A palavra latina littĕra deu origem a letra, em espanhol e português, e lettre, em francês, língua da qual o inglês importou a palavra letter, que permitiu formar os adjetivo e nome lettered, usados desde o séc. XIV para caracterizar ou denominar quem sabe ler e escrever.

Lettered, do inglês, corresponde, assim, formalmente à nossa forma "letrado" (via popular), enquanto litterate corresponde a "literato" (via erudita). O dicionário Houaiss situa a primeira atestação de "letrado" (culto, erudito) no séc. XIII, registando uma segunda aceção, da década de 1980: "capaz de usar diferentes tipos de material escrito". Esta relaciona-se diretamente com a forma "letramento" (registada em 1899 por Cândido de Figueiredo), sinónimo de "alfabetização" e, desde os anos 1980, equivalente de "literacia" no Brasil.

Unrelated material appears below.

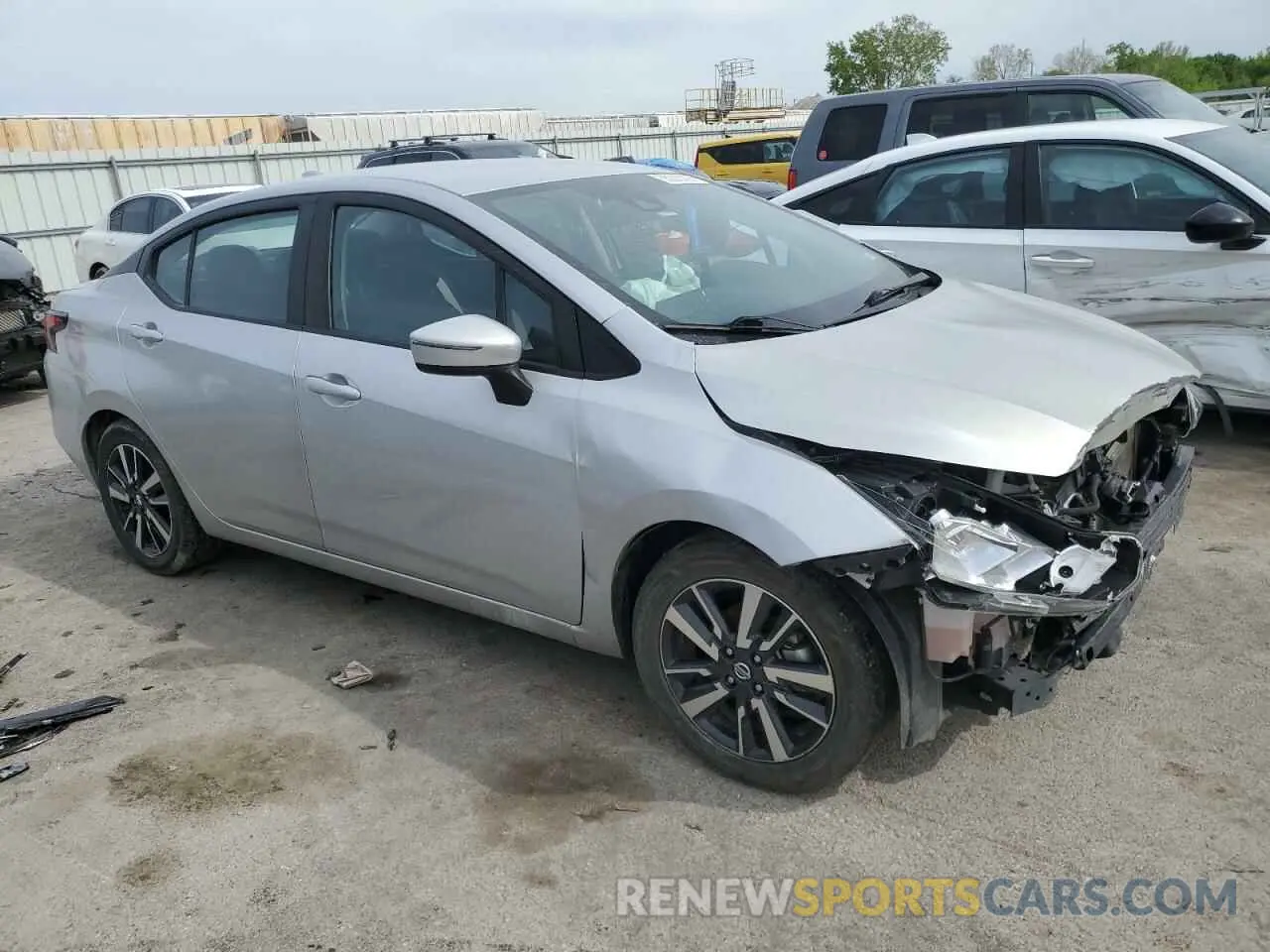 4 fotografías del automóvil dañado 3N1CN8EV0ML866696 NISSAN VERSA 2021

Existe ainda "letrismo", que o Houaiss data do século XX, sem etimologia, e para o qual dá como primeira aceção a de atributo de quem sabe ler e escrever. Talvez esta forma provenha do francês iléttrisme, cunhado pelas décadas de 1970 ou 1980, para denominar a incapacidade de compreender um texto escrito; léttrisme designa em francês a corrente literária inaugurada por Isodore Isou em 1946.

Como designar em Portugal uma pessoa que possui literacia"? No Brasil, a questão ficou resolvida pela adoção de "letrado" e "letramento". Existe, assim, a possibilidade de incorporar o par na terminologia portuguesa; tal parece-me, contudo, improvável, dada a implantação de "literacia" e o preconceito que ainda se vai nutrindo pela variedade brasileira do português. Atribuir uma nova aceção a "letrado" será semanticamente a escolha mais simples (melhor que "literato", com conotações depreciativas), mas perde-se a relação formal com "literacia". Assim, "literado", o insólito neologismo espontâneo dos meus alunos, candidata-se (quem sabe?) a vir a ser adotado na provecta prole de littĕra.